E afirmou que “talvez o foco seja não na imunidade completa”, mas “diminuir” a pandemia.

“É uma estratégia que a SVS (Secretaria de Vigilância em Saúde) vai fazer pra reduzir a pandemia. Talvez o foco seja não na imunidade completa, mas na redução da contaminação, e aí a pandemia diminui muito”, disse.

A “estratégia” anunciada por Pazuello não é admitida por organismos internacionais, como a Organização Mundial da Saúde (OMS).

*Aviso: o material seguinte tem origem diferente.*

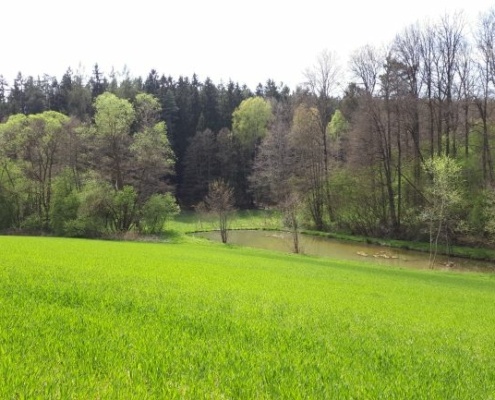 Fischweiher Fünfbronn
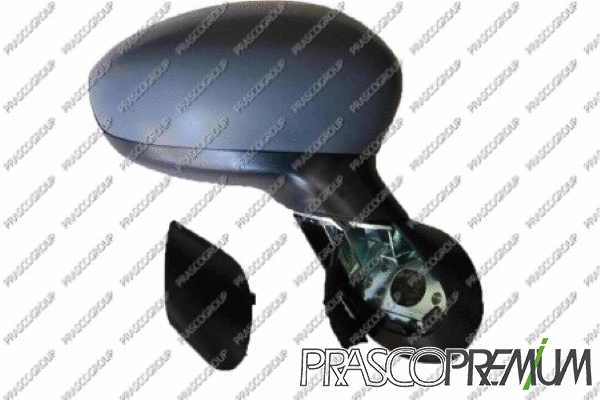 Exterior Mirror (FT0307123P)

Em comunicado recente, a OMS chegou a acatar um “prazo maior” entre a primeira e a segunda dose da vacina da Pfizer, mas estabeleceu que o prazo “excepcional” para a segunda parte da imunização deve ocorrer em até 42 dias.

A recomendação foi dada pelo Grupo Consultivo Estratégico de Especialistas da organização: “Embora não saibamos os dados de segurança e eficácia após a primeira dose, recomendamos que, nessas circunstâncias excepcionais, os países atrasem a segunda dose por algumas semanas para maximizar o número de indivíduos que se beneficiam da vacina”.

O laboratório parceiro da Pfizer, o alemão BioNTech, por outro lado, adverte que o simples atraso na segunda dose da vacina poderá reduzir a eficácia da imunidade, em porcentagens ainda não estudadas.

“Ficou difícil”

Ainda, indicou que entre as vacinas negociadas pelo governo Bolsonaro, as opções estrangeiras não supririam a demanda do Brasil. O país foi um dos últimos a começar a negociar a aquisição de vacinas junto a laboratórios e farmacêuticas de outros países.

“Ficou difícil para as importadas”, admitiu. Mencionou como exemplo a vacina do laboratório Janssen, em parceria com a J&J, que segundo ele “é a melhor de todas”, mas tem uma capacidade de entrega de somente 3 milhões de doses em maio.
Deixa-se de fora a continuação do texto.